Life isn't role formulas. Life isn't pain avoidance. Life is problems. A pretty reputable therapist, well known for research on the positivity of anger, once told me there are two kinds of people -- people who have problems and know it, and people who have problems and don't know it.
Xipe Totec
(44,558 posts)66
Javaman
(65,705 posts)MarineCombatEngineer
(18,060 posts)I had a very successful career in the Marines by working hard, taking on assignments other's didn't want, worked my way up the NCO ladder to retire as a Master Gunnery Sargeant and now I own my own trucking business consisting of 2 trucks, not because I have to work, I want to work, so for me, except for losing my wife 4 years ago, life has worked out pretty well.
paleotn
(22,211 posts)when I discovered hard work and results couldn't out do schmoozing and ass kissing. Hard lesson, but it is what it is.
calimary
(90,010 posts)I was in my early 30s. Hired for the morning shift. Did well. The ratings said so. Then the PD called me into his office and fired me. Regretfully, he said.

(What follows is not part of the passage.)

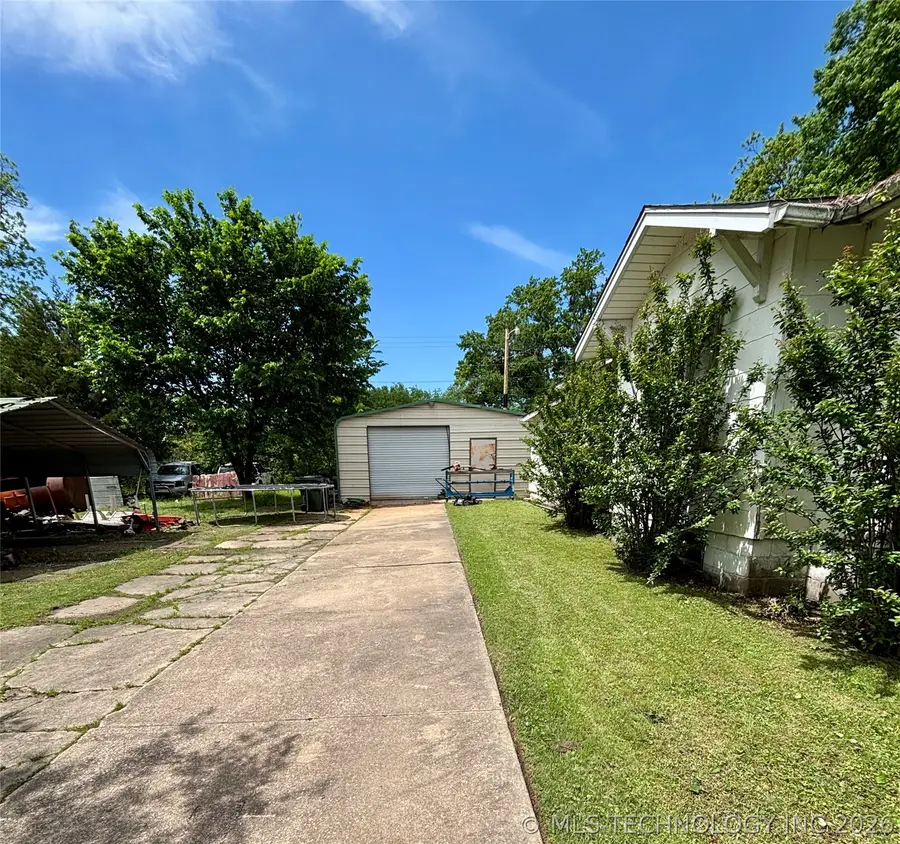 1220 N Okmulgee Street, Okmulgee, OK 74447 - #2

What he didnt say: his longtime best buddy whod originally turned the job down because he was in love and didnt want to leave another city where he was - suddenly found himself out of that relationship and gig, and called his pal asking whether that job might still be open.
Chicagogrl1
(645 posts)I was told by my boss that all employees were replaceable & then he laid me off. Then he was laid off.